The most visible example of this isn’t even hot metal or glass, it’s actually sunlight! Most of the light we get from the sun is its blackbody radiation.

^* This isn’t actually true. Humans can see radiant heat at lower temperatures – it’s possible for your eyes’ low-light cells (rods) to perceive dim glows as a greyish hue as long as you’re in a dark room. The light could be too dim to be seen by your color cells.

Anonymous 0 Comments

Ok. Every object that’s warmer than absolute zero (-273.15 degrees Celsius) emits photons (light).

Cold objects emit very low energy photons, infrared light (you and me are that cold, that’s why we’re visible on an infrared camera.). Then as an object becomes hotter it starts to emit some of those photons in the red range (525 degrees celsius), then orange, then yellow etc…

Now white is when you perceive every colour of light fairly evenly. So when a material is so hot that it sends out as many blue photons (one of the most energetic wavelengths of visible light) as it sends out red photons it tends to balance out and you see it as white hot (1300 Celsius).

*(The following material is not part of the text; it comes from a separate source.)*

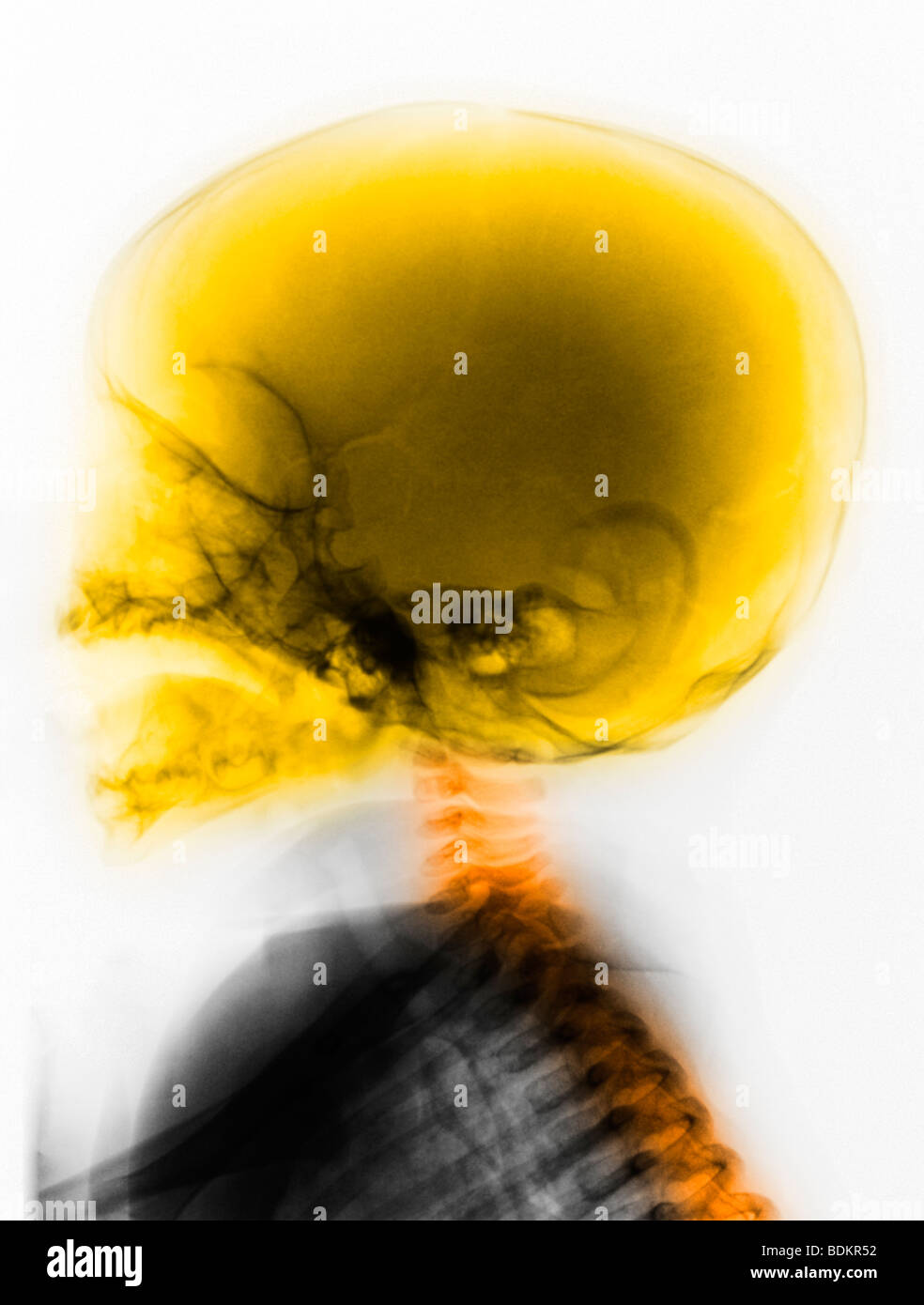 Radiografía de cráneo normal de un niño de 6 meses de antigüedad Foto de stock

But it can become hotter. Our sun is much hotter than white hot steel, having a surface temperature of 5500 degrees celsius. It’s so hot that it sends out UV light (beyond the visible spectrum). It’s still cold enough that the light is full spectrum (emitting red, yellow, green and blue light so that it appears to be white), but there are stars that are so hot (7000 degrees celsius) that they appear blue-white as the majority of the visible light they send out is blue (most of their light is actually UV light though).

Anonymous 0 Comments

The answer to your question led physicists to quantum mechanics.

I hope this comment is allowed here.